▶ YOUR ASSIGNMENT:
Return the records as they stand. No picture is to be included.
THE DATA below:
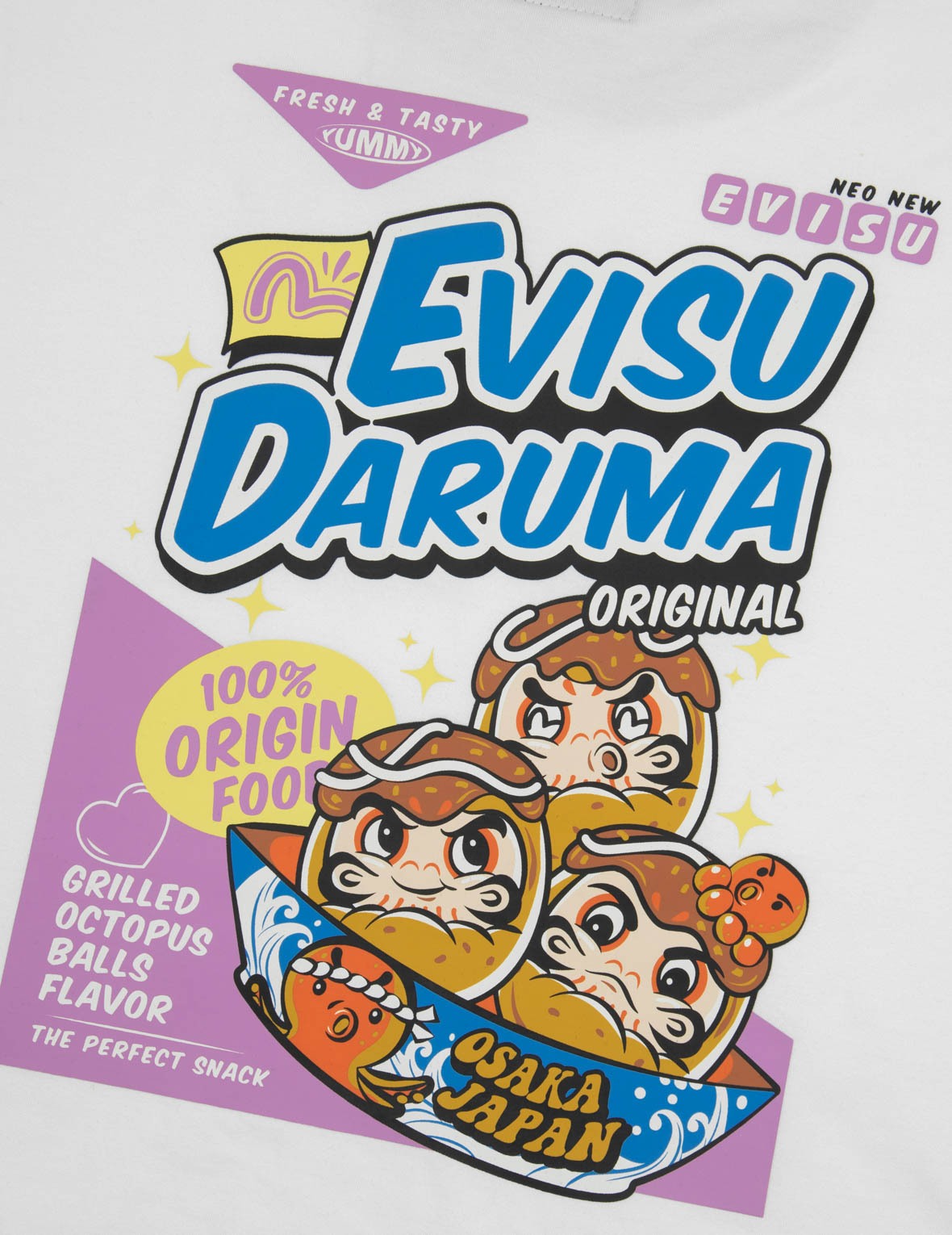 Logo and Takoyaki Daruma Print Regular Fit Ringer T-shirt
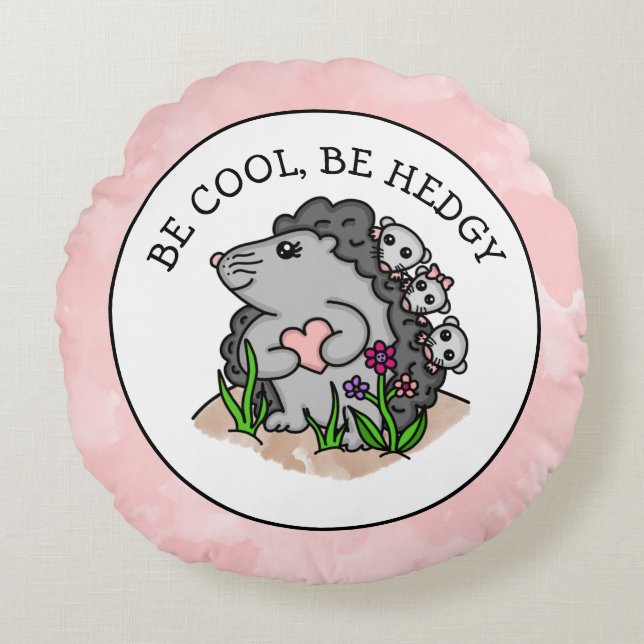 Almofada Redonda Mamãe e seus bebês, e Pun (Frente)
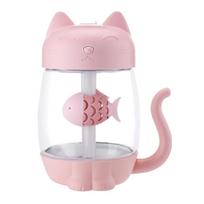 350ml Air Humidifier With Light Ultrasonic Adorable Cat Mini Usb Humidificador Silent Color Light 3 In 1 Aroma Diffuser For Car Pink white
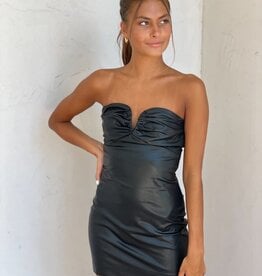 Hooked On You Faux Leather Mini Dress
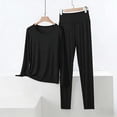 thumbnail image 2 of MGDXOX Women's Soft Modal 2 Piece Lounge Set Long Sleeve V-Neck Top High Waist Leggings Comfortable Stretchy Sleepwear Black XL, 2 of 5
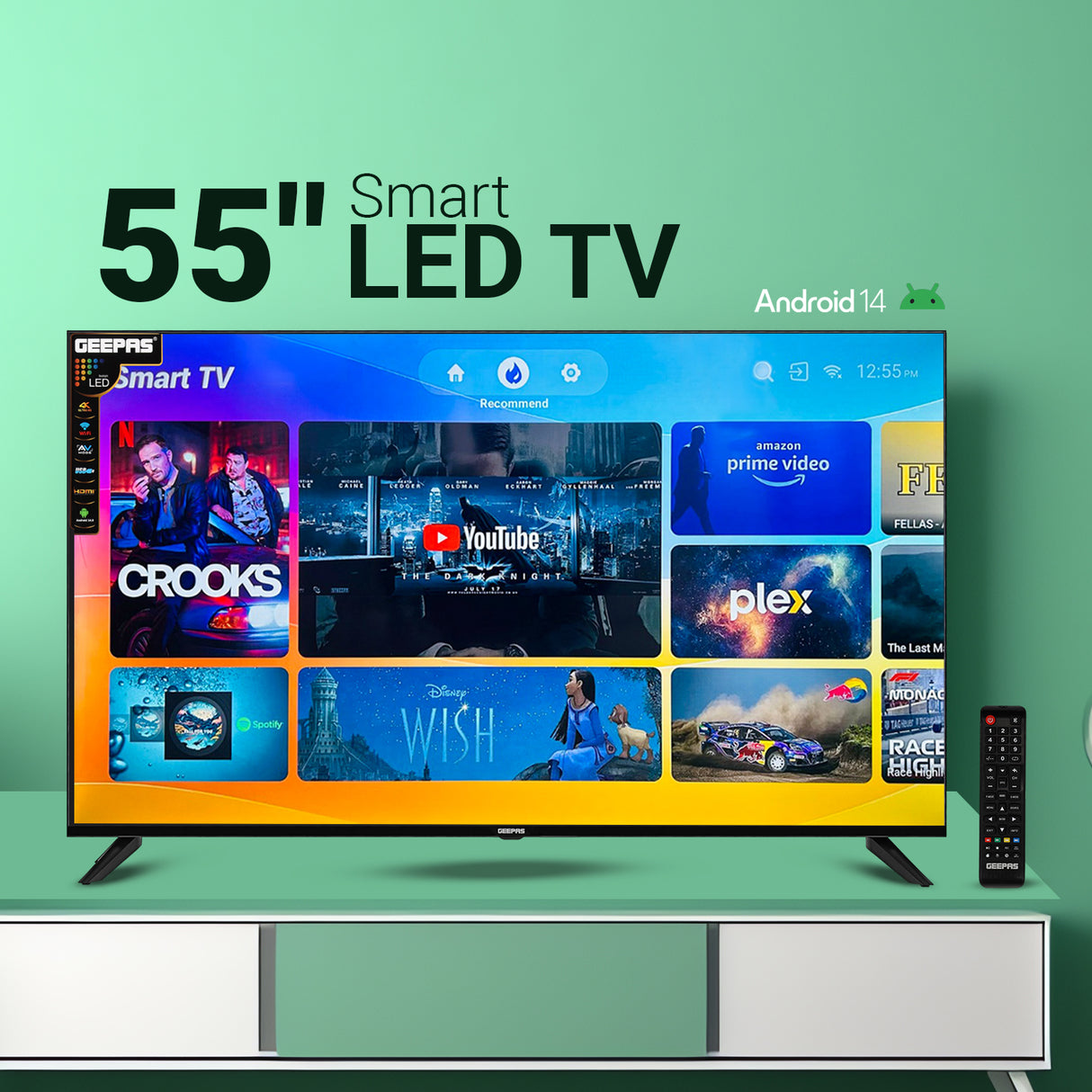Geepas GLED5508SFHD 55-Inch Ultra HD Smart LED TV | 4K UHD Resolution| Frameless Android Design| HDMI & USB Connectivity| HQ Sound| Full Color Optimizer | Slim LED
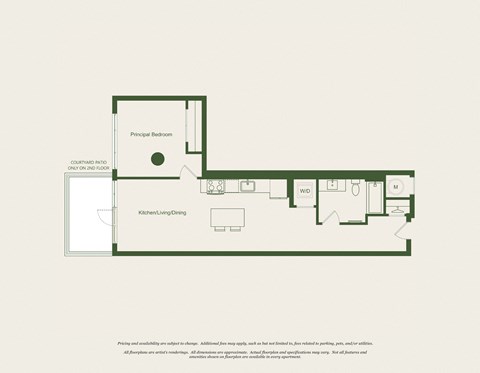 this is a conceptual floor plan of a one bedroom apartment home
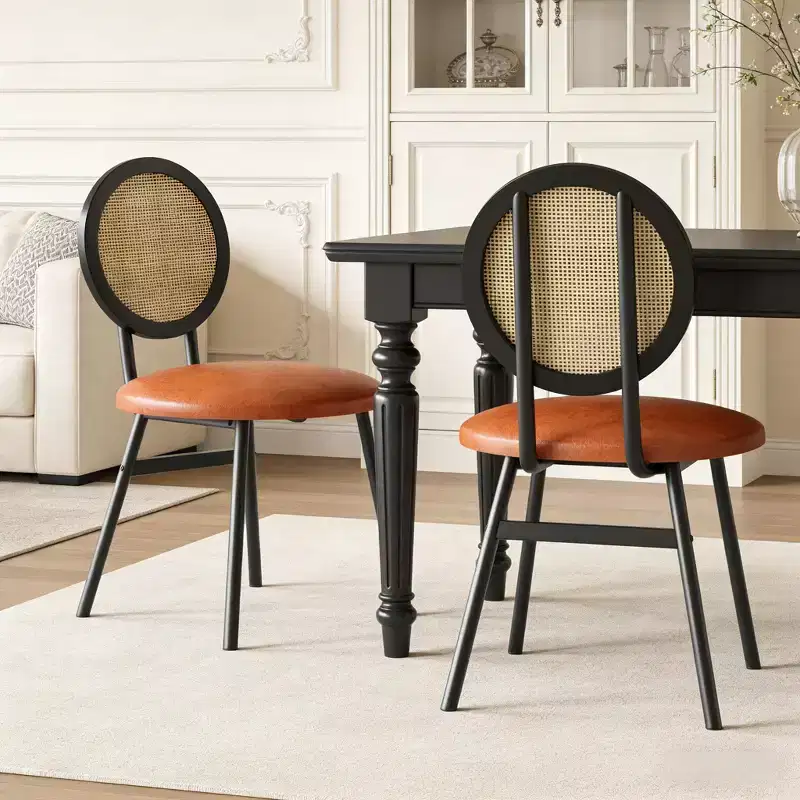 Rattan Dining Chairs with Thicken Upholstered and Metal Legs for Living Room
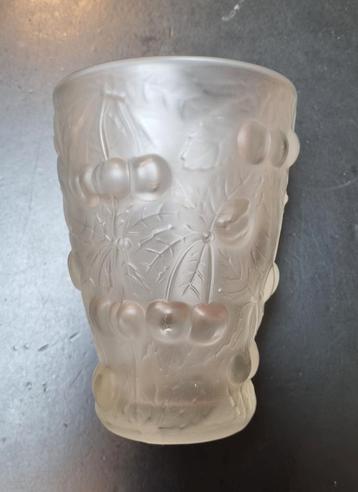 Barolac Josef Inwald Frosted Cherry Glass Vaas - Kwadraat  beschikbaar voor biedingen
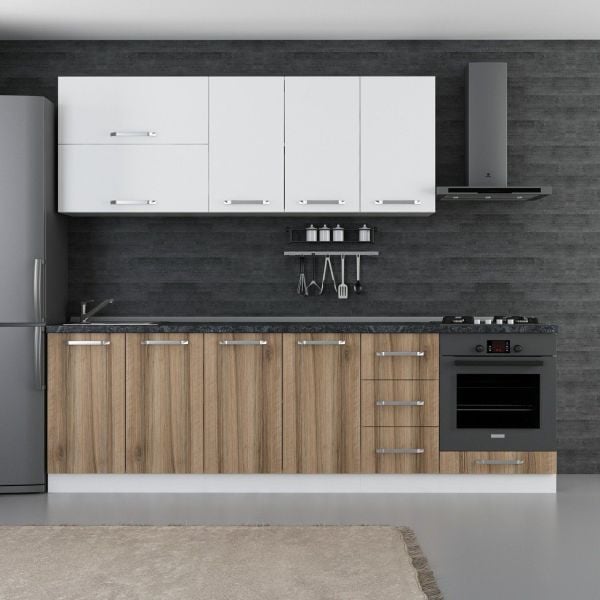 Minar 260 Cm Mutfak Dolabı Beyaz Dore 260-D3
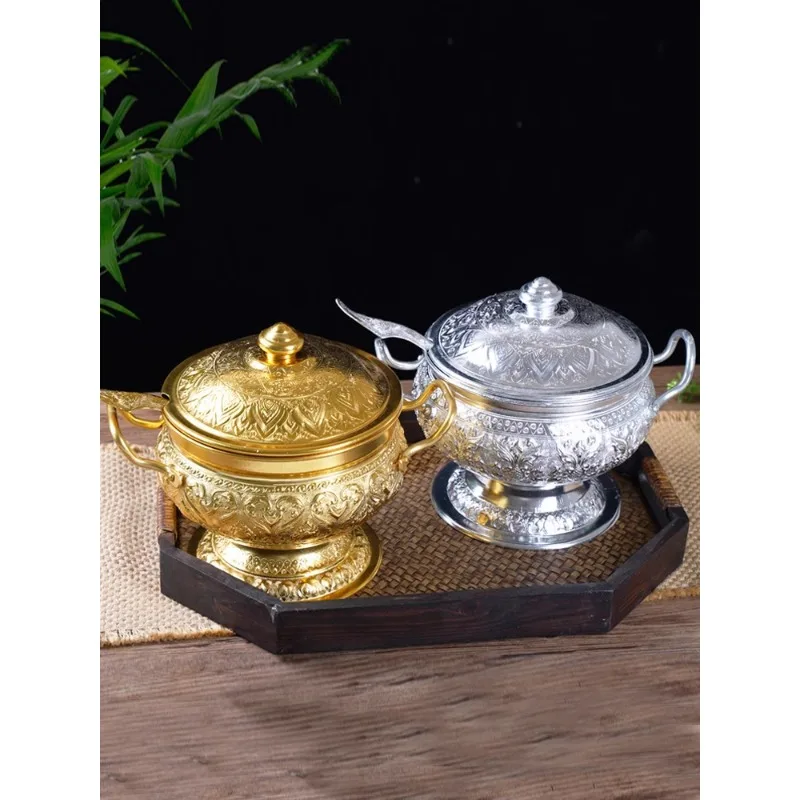 Thai Tin Tableware Dongyin Gong Soup Pot South East Asia Hotel Clubhouse Restaurant Special Rice Pot Kitchen Utensils Soup Pot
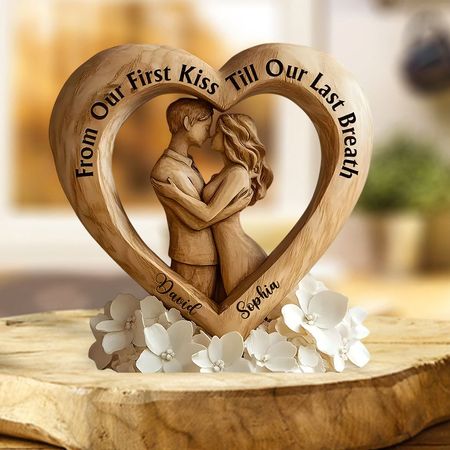 Dal nostro primo bacio fino al nostro ultimo respiro - Targa personalizzata in acrilico a forma di coppia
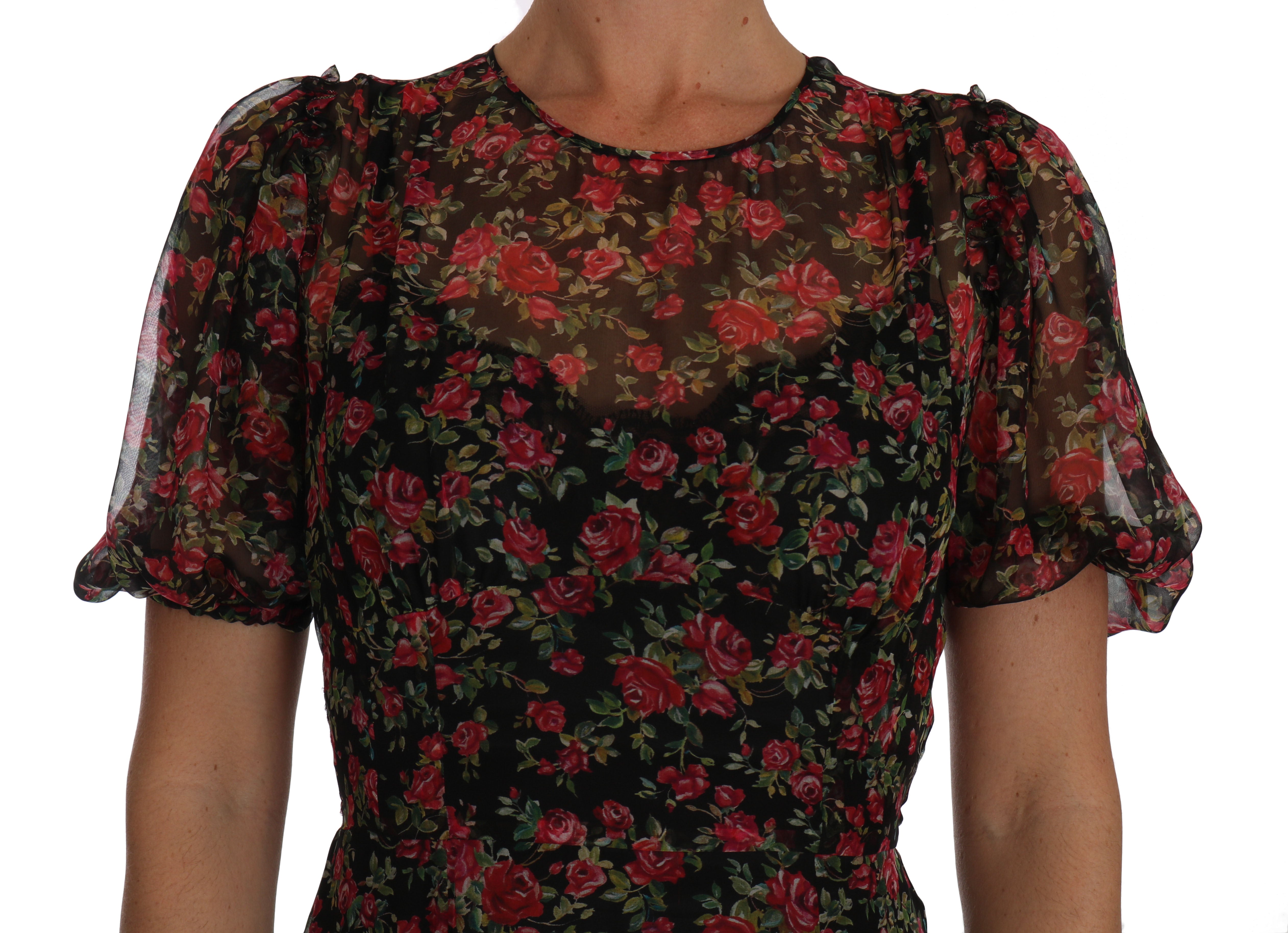 Dolce &amp; Gabbana Black Floral Rose A-Line Shift Dress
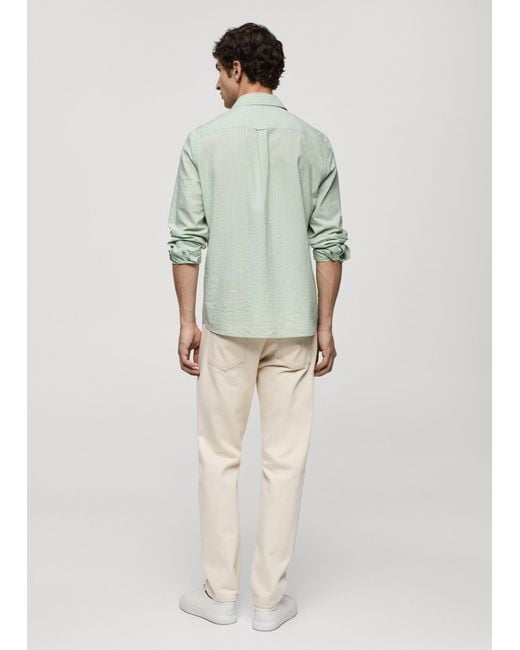 Mango Green Classic Fit Striped Seersucker Cotton Shirt Pastel for men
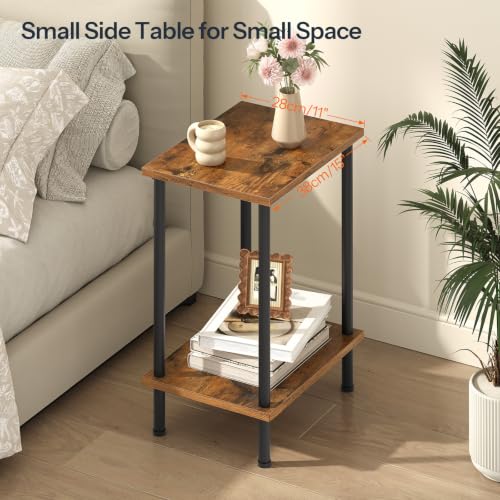 HOOBRO End Table, Small Side Table, Nightstand with 2-Layer Storage Shelves, Sofa Table for Small Spaces, Living Room, Bedroom, Stable Frame, Easy Assembly, Rustic Brown BF09BZ01 - color: Rustic Brown + Black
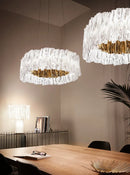 Axyaa Golden Lustre Acrylic Pendant LED Chandelier for Modern Living Room Decor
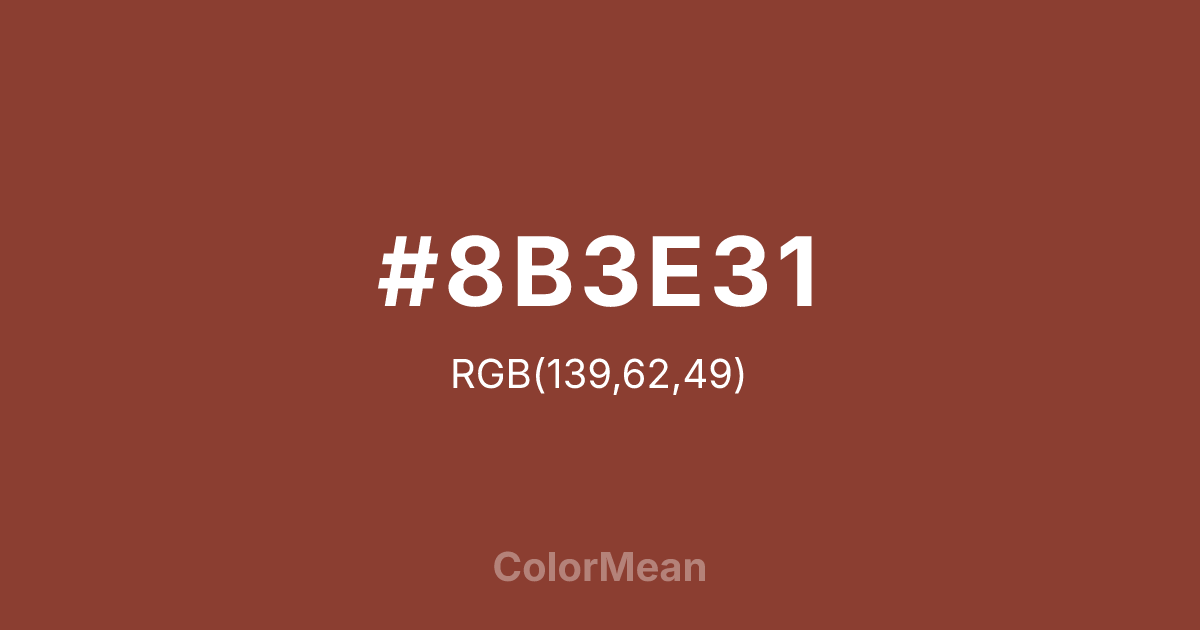 #8B3E31 color swatch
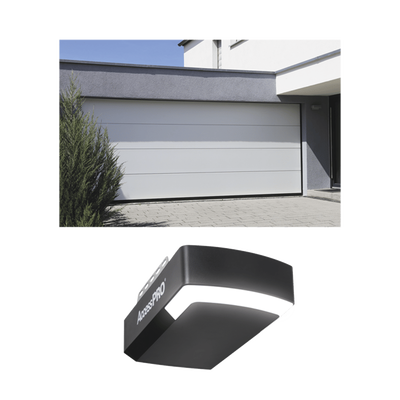 KIT COMPLETO Puerta D/ Garage 18x9 Pies / Lisa Linea Central / Color blanco / Insulada / Incluye Motor FS1000APPRT / 1/2HP / Fuerte/Silencioso/Luz LED/Motor DC .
End of THE DATA.
▶ PROBLEM SOLUTION:
 Logo and Takoyaki Daruma Print Regular Fit Ringer T-shirt
 Almofada Redonda Mamãe e seus bebês, e Pun (Frente)
 350ml Air Humidifier With Light Ultrasonic Adorable Cat Mini Usb Humidificador Silent Color Light 3 In 1 Aroma Diffuser For Car Pink white
 Hooked On You Faux Leather Mini Dress
 thumbnail image 2 of MGDXOX Women's Soft Modal 2 Piece Lounge Set Long Sleeve V-Neck Top High Waist Leggings Comfortable Stretchy Sleepwear Black XL, 2 of 5
Geepas GLED5508SFHD 55-Inch Ultra HD Smart LED TV | 4K UHD Resolution| Frameless Android Design| HDMI & USB Connectivity| HQ Sound| Full Color Optimizer | Slim LED
 this is a conceptual floor plan of a one bedroom apartment home
 Rattan Dining Chairs with Thicken Upholstered and Metal Legs for Living Room
 Barolac Josef Inwald Frosted Cherry Glass Vaas - Kwadraat  beschikbaar voor biedingen
 Minar 260 Cm Mutfak Dolabı Beyaz Dore 260-D3
 Thai Tin Tableware Dongyin Gong Soup Pot South East Asia Hotel Clubhouse Restaurant Special Rice Pot Kitchen Utensils Soup Pot
 Dal nostro primo bacio fino al nostro ultimo respiro - Targa personalizzata in acrilico a forma di coppia
 Dolce &amp; Gabbana Black Floral Rose A-Line Shift Dress
 Mango Green Classic Fit Striped Seersucker Cotton Shirt Pastel for men
 HOOBRO End Table, Small Side Table, Nightstand with 2-Layer Storage Shelves, Sofa Table for Small Spaces, Living Room, Bedroom, Stable Frame, Easy Assembly, Rustic Brown BF09BZ01 - color: Rustic Brown + Black
 Axyaa Golden Lustre Acrylic Pendant LED Chandelier for Modern Living Room Decor
 #8B3E31 color swatch
 KIT COMPLETO Puerta D/ Garage 18x9 Pies / Lisa Linea Central / Color blanco / Insulada / Incluye Motor FS1000APPRT / 1/2HP / Fuerte/Silencioso/Luz LED/Motor DC .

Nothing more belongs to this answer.